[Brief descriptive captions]
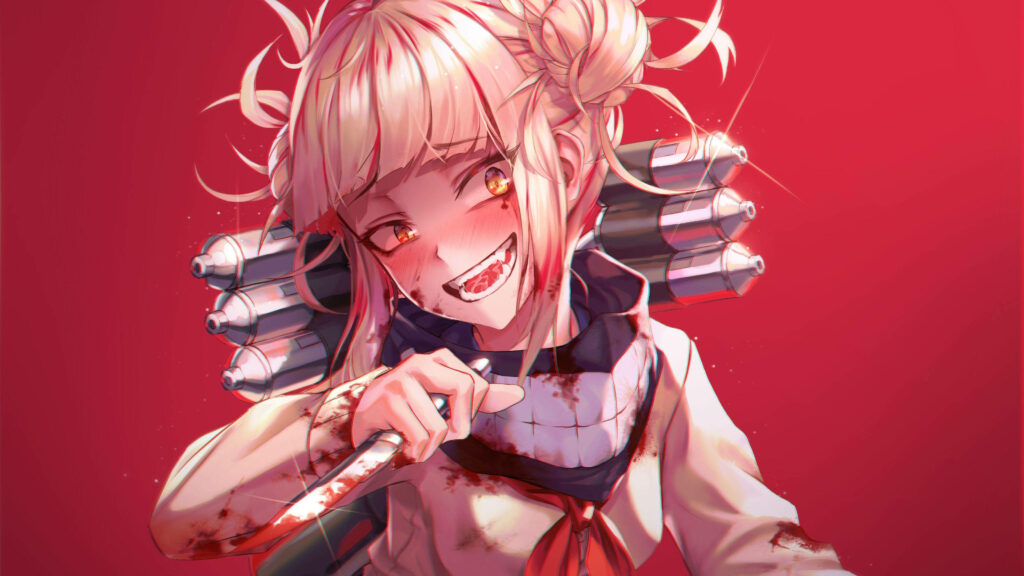 Malevolent Madness: Himiko Toga's Sinister Artistry Unleashed Wallpaper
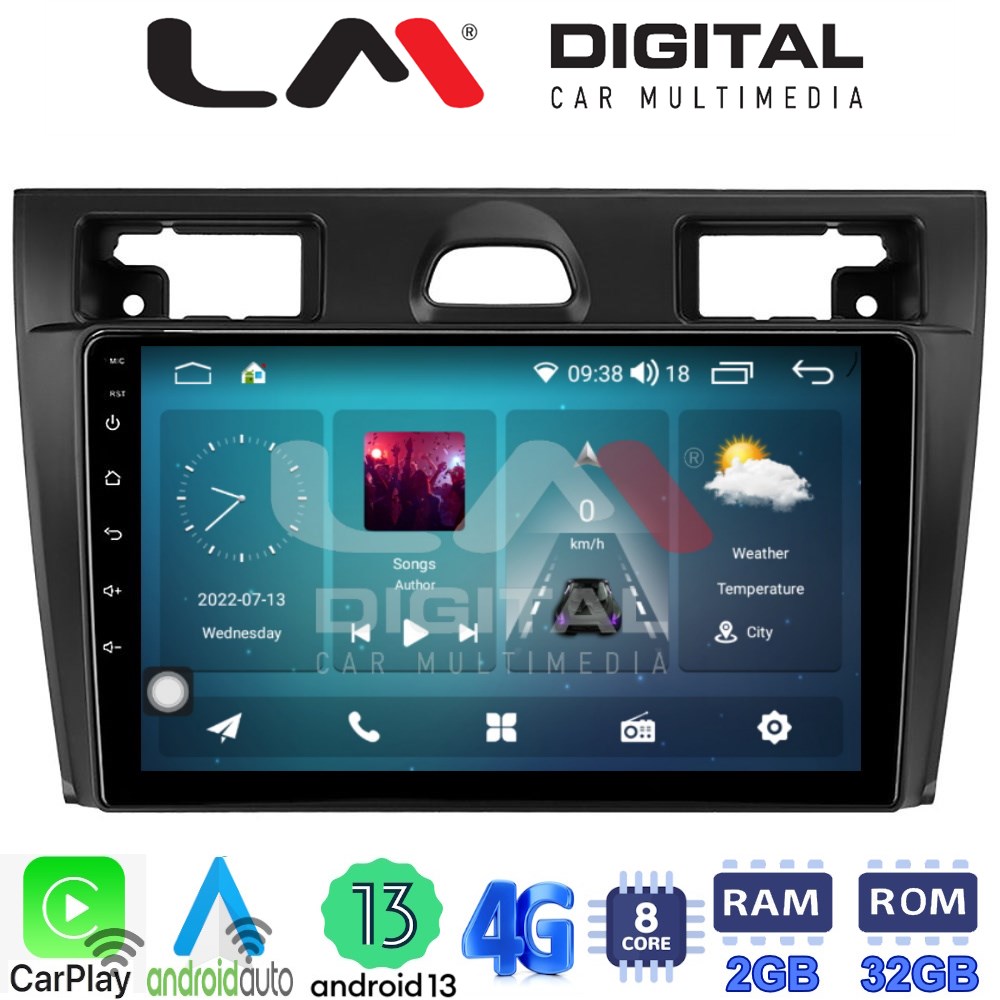 LM Digital - LM ZR8140B GPS Οθόνη OEM Multimedia Αυτοκινήτου για Ford Fiesta 2006 - 2008 (CarPlay/AndroidAuto/BT/GPS/WIFI/GPRS)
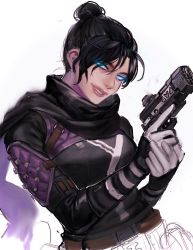 Rule 34 | 1girl, apex legends, belt, black belt, black scarf, blue eyes, breasts, glowing, glowing eyes, gun, handgun, highres, holding, holding gun, holding weapon, kani seijin, looking at viewer, medium breasts, parted lips, pistol, re-45 auto, scarf, sketch, smile, solo, unfinished, upper body, weapon, white background, wraith (apex legends)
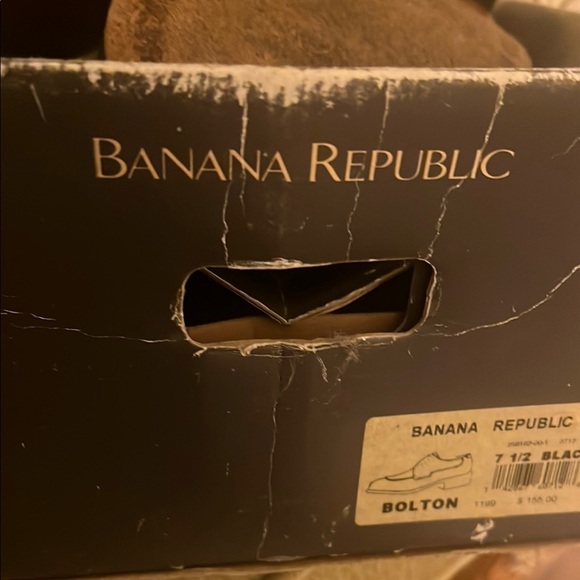 Banana Republic Oxford Black Leather Apron Round Toe Lace Up Shoes Italy - Picture 7 of 10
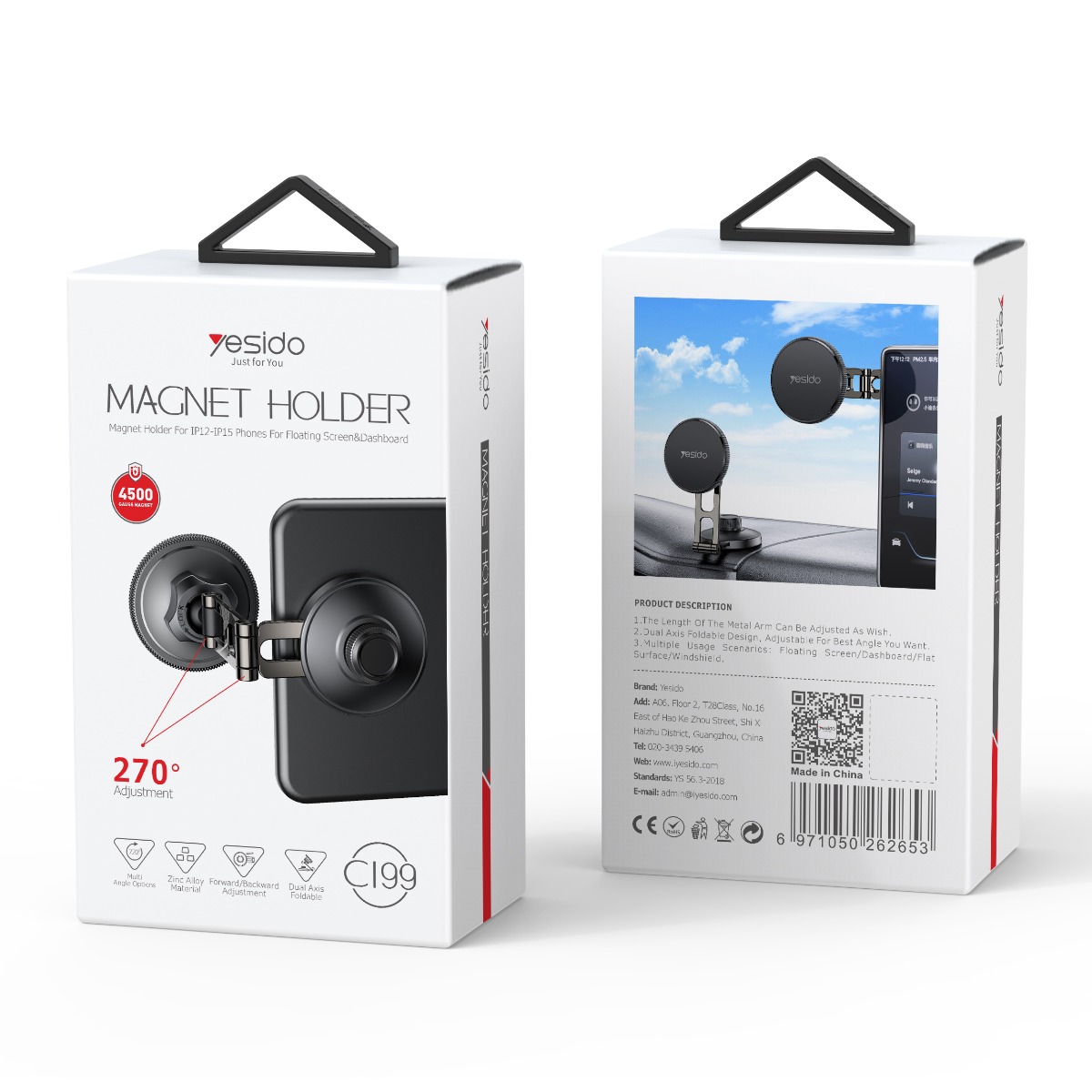 YESIDO C199 Magnetic Mobile Phone Holder with MagSafe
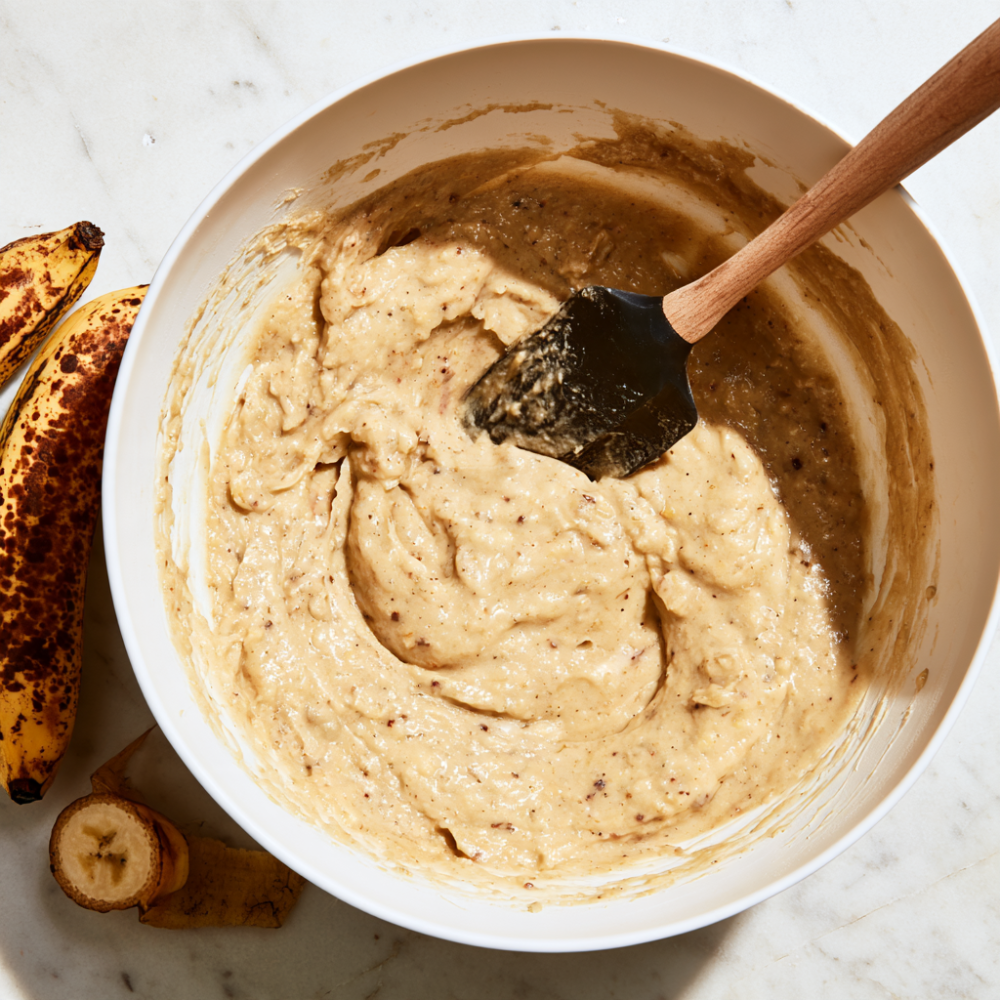 Banana Bread Recipe with 2 Bananas-batter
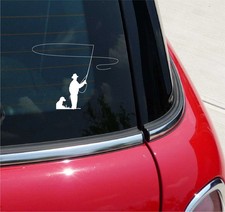 FLY FISHERMAN FISHING MAN DOG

▸ GOAL OF THE EXERCISE:
All of the data gets printed again exactly; the pictures do not.

▸ RESPONSE BOX:
 Malevolent Madness: Himiko Toga's Sinister Artistry Unleashed Wallpaper
 LM Digital - LM ZR8140B GPS Οθόνη OEM Multimedia Αυτοκινήτου για Ford Fiesta 2006 - 2008 (CarPlay/AndroidAuto/BT/GPS/WIFI/GPRS)
 Rule 34 | 1girl, apex legends, belt, black belt, black scarf, blue eyes, breasts, glowing, glowing eyes, gun, handgun, highres, holding, holding gun, holding weapon, kani seijin, looking at viewer, medium breasts, parted lips, pistol, re-45 auto, scarf, sketch, smile, solo, unfinished, upper body, weapon, white background, wraith (apex legends)
 Banana Republic Oxford Black Leather Apron Round Toe Lace Up Shoes Italy - Picture 7 of 10
 YESIDO C199 Magnetic Mobile Phone Holder with MagSafe
 Banana Bread Recipe with 2 Bananas-batter
 FLY FISHERMAN FISHING MAN DOG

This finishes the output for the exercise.